Loveland is a center of media in north-central Colorado. The following is a list of media outlets based in the city.

==Print==

===Newspapers===
The Loveland Reporter-Herald is the local newspaper, published daily.

==Radio==
Loveland is in the Fort Collins-Greeley radio market. Loveland is close enough to Denver to allow listeners to receive signals of most radio stations broadcasting from the Denver radio market.
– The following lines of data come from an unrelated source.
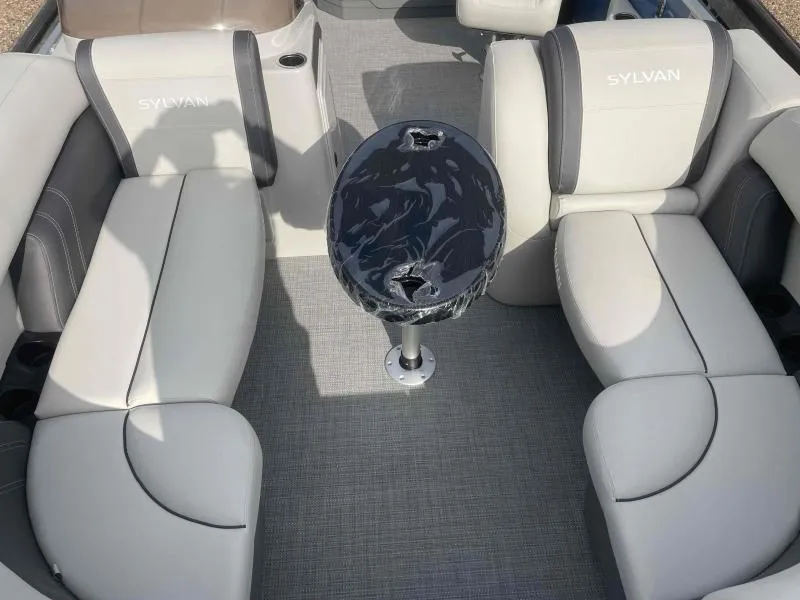 Slide: The Image of 2024 Sylvan MIRAGE 822 CLZ DH boat interior with gray seating and central table. - 8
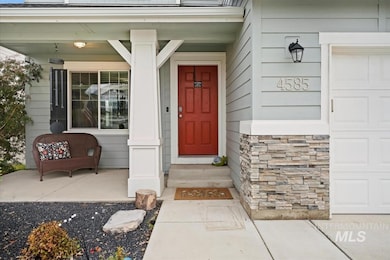 Entrance to property with stone siding and a porch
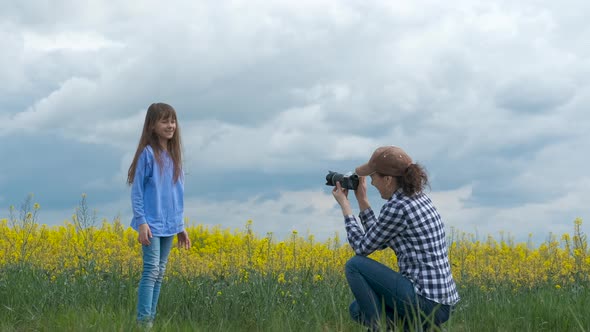A woman photographs a child in nature. 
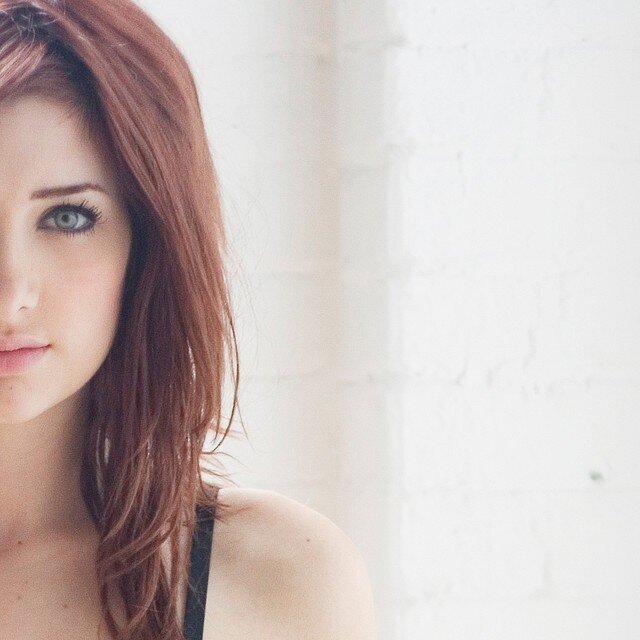 woman with red hair and blue eyes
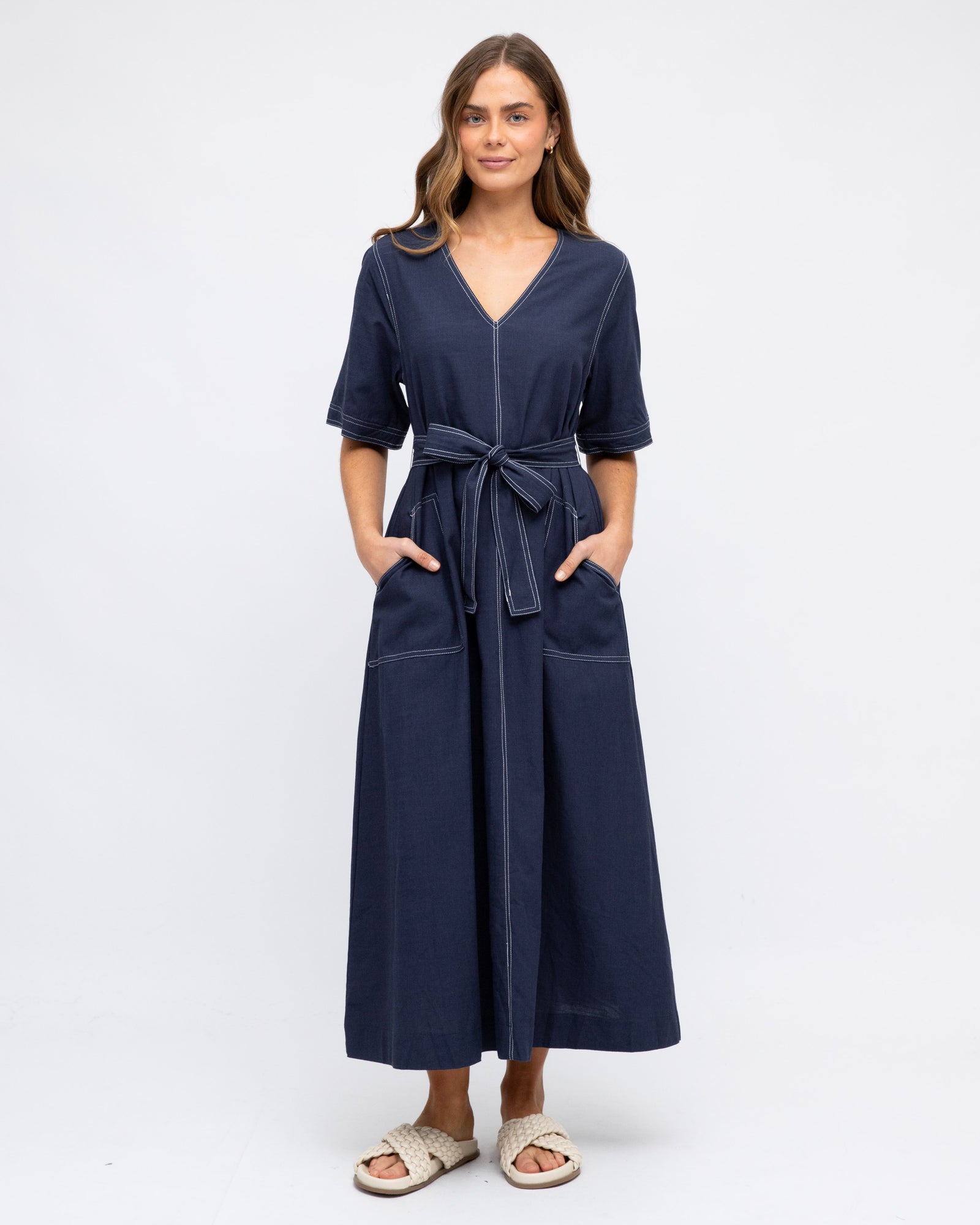 Lady wearing navy Blue contrast stitch maxi dress with front pockets, removable fabric tie waist and elbow length sleeves by label of Love.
The following is a list of radio stations that broadcast from and/or are licensed to Loveland.

===AM===

| Frequency | Callsign | Format | City of License | Notes |
|---|---|---|---|---|
| 600 | KCOL | News/Talk | Wellington, Colorado | Broadcasts from Loveland |
| 1410 | KIIX | Classic Country | Fort Collins, Colorado | Broadcasts from Loveland |
| 1570 | KXJJ | Religious | Loveland, Colorado | - |

===FM===

| Frequency | Callsign | Format | City of License | Notes |
|---|---|---|---|---|
| 89.7 | KXGR | Religious | Loveland, Colorado | Broadcasts from Aurora, Colorado |
| 93.9 | KCWA | Christian Contemporary | Loveland, Colorado | WAY-FM Network; Broadcasts from Longmont, Colorado |
| 96.1 | KSME | Top 40 | Greeley, Colorado | Broadcasts from Loveland |
| 97.9 | KXBG | Country | Cheyenne, Wyoming | Broadcasts from Loveland |
| 100.7 | KOLT-FM | Country | Cheyenne, Wyoming | Broadcasts from Loveland |
| 102.5 | KTRR | Adult Contemporary | Loveland, Colorado | Broadcasts from Windsor, Colorado |
| 107.3 | K297AK | Spanish Religious | Loveland, Colorado | Translator of KXBG, Cheyenne, Wyoming |
| 107.9 | KPAW | Classic Rock | Fort Collins, Colorado | Broadcasts from Loveland |

==Television==
Loveland is in the Denver television market.